Infrastructure Appetite: Google Prepares the Next Generation of LLMs
Google has announced the release of Gemini 3.6 Flash and confirmed that it is already actively training Gemini 4. The release of faster, cheaper Flash versions traditionally signals a software stack optimization for current hardware. However, the primary infrastructure challenge lies in the preparation for the fourth generation of models.
Training LLMs on the level of Gemini 4 requires exponential growth in compute resources. In my view, the announcement of Flash versions is an attempt to maximize the ROI from already deployed GPU clusters until new batches of accelerators arrive to power the resource-intensive training of future architectures.
Compute Geopolitics: Chinese Models Split the Silicon Market
The success of Chinese AI developments has triggered a serious rift among President Donald Trump's AI advisors. Experts are publicly accusing leading American AI companies of inefficiency, which directly impacts export control policies and investments in domestic chip production.
This conflict goes far beyond software. The internal struggle within the White House determines how subsidies for data center expansion will be allocated and what restrictions will be placed on accelerator shipments. If American AI giants cannot prove the efficiency of their infrastructure, the government may redirect funding from cloud providers toward national semiconductor projects.
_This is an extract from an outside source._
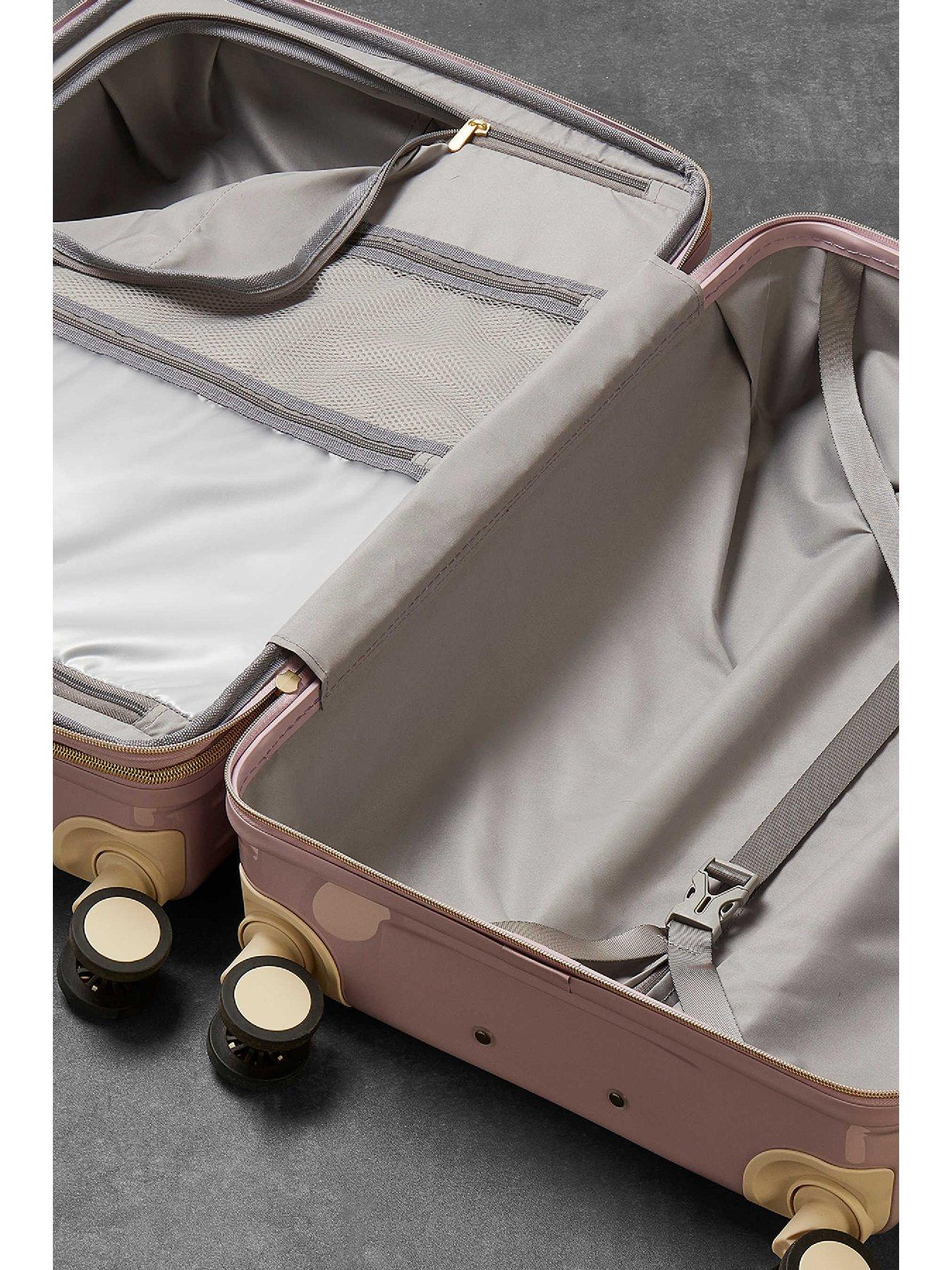 Image 5 of 6 of Rock Luggage Primrose Purple Large Suitcase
Data as a Bottleneck: $1.5 Billion to Expand Compute Bases
A judge has approved Anthropic's $1.5 billion settlement to resolve copyright disputes. Out of thousands of authors, only 350 managed to opt out of the class-action lawsuit.
For the hardware market, this event has an indirect but critical significance. The evolution of AI accelerators is hitting a wall not just in lithography, but in access to legitimate training data. Massive financial payouts for copyright royalties mean that AI companies must now factor the cost of data corpora into their CapEx alongside GPU purchases. In my view, this precedent will force compute providers to rethink their business models: the data centers of the future will have to provide access not just to hardware, but to legalized datasets.
Bottom Line
AI infrastructure is ceasing to be a purely engineering task. Compute power now sits at the intersection of a technological race, geopolitical pressure, and legal constraints. In the near term, expect a revision of accelerator procurement strategies: demand will be shaped not simply by peak FLOPS, but by the overall efficiency of clusters in the face of rising data legalization costs and export quotas.